Although the current human reference genome is the most accurate and complete vertebrate genome available, not one chromosome had been sequenced end-to-end and hundreds of gaps in the genome remained. Now the findings, published in Nature, have shown that accurate base-by-base sequencing of a human chromosome, and therefore of the whole human genome, is possible.
According to the US team behind the study, mapping whole chromosomes is like trying to solve an almost impossible puzzle. 'Imagine having to reconstruct a jigsaw puzzle, but each tiny piece contains less context for figuring out where it comes from. The same is true for sequencing the human genome. Until now, the pieces were too small, and there was no way to put the hardest parts of the puzzle together' said study co-leader Dr Adam Phillippy from the National Human Genome Research Institute in Bethesda, Maryland.
To precisely sequence a chromosome, Dr Phillippy and his team used a cell containing two identical X chromosomes to obtain a greater quantity of DNA for sequencing. Newly developed sequencing tools were then used to analyse long DNA segments, called 'ultra-long reads', from the chromosome. One technique, called nanopore sequencing, can detect changes in current flow as DNA molecules pass through a tiny hole, or 'nanopore', in a membrane, and avoids having to piece together short, repetitive pieces of DNA. A newly developed computer program was then deployed to assemble the many segments of generated sequences.
Dr Karen Miga, who co-led the study at the University of California, Santa Cruz Genomics Institute, then spearheaded efforts to perform a number of validation steps to check the accuracy of the sequence and complete the chromosome by filling in 29 gaps in its sequence (the largest being ~3.1 million base pairs of repetitive DNA in the middle of the chromosome, called the centromere). Lastly, a 'polishing' strategy was applied to ensure the sequence was accurate.
Completing the human genome is now of great importance. 'We're starting to find that some of these regions where there were gaps in the reference sequence are actually among the richest for variation in human populations, so we've been missing a lot of information that could be important to understanding human biology and disease,' said Dr Miga.

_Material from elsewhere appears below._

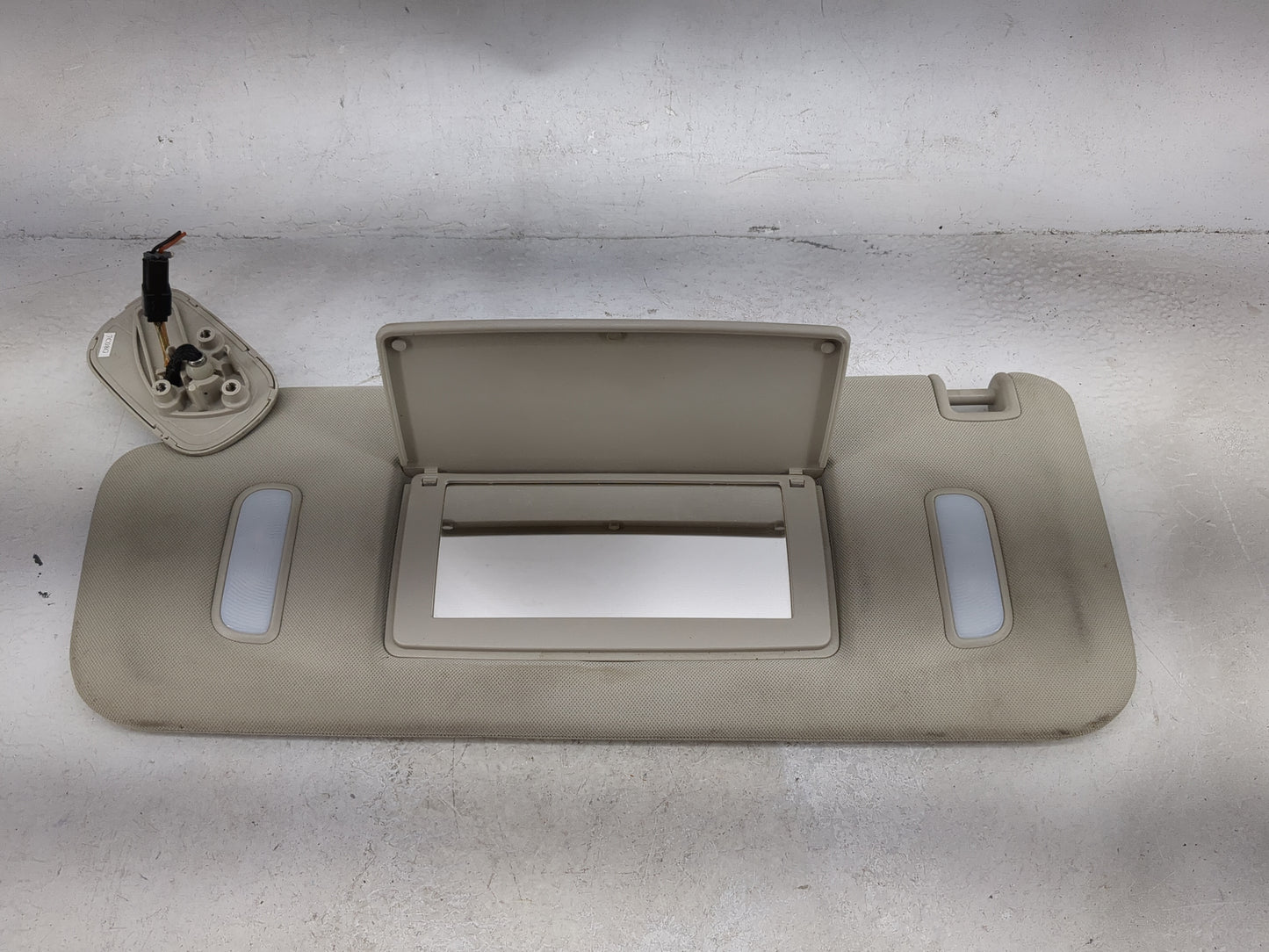 2007-2013 Chevrolet Silverado 1500 Sun Visor Shade Replacement Driver Left Mirror Fits OEM Used Auto Parts - Oemusedautopart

However, challenges remain. For example, chromosomes one and nine have repetitive DNA segments that are much longer than those found on the X chromosome. Nevertheless, the results of the study show that finishing chromosome sequences, and therefore the human genome, is now within reach.
The study was supported by the US National Institutes of Health and is part of the Telomere-to-Telomere (T2T) consortium that aims to generate a complete human genome in 2020.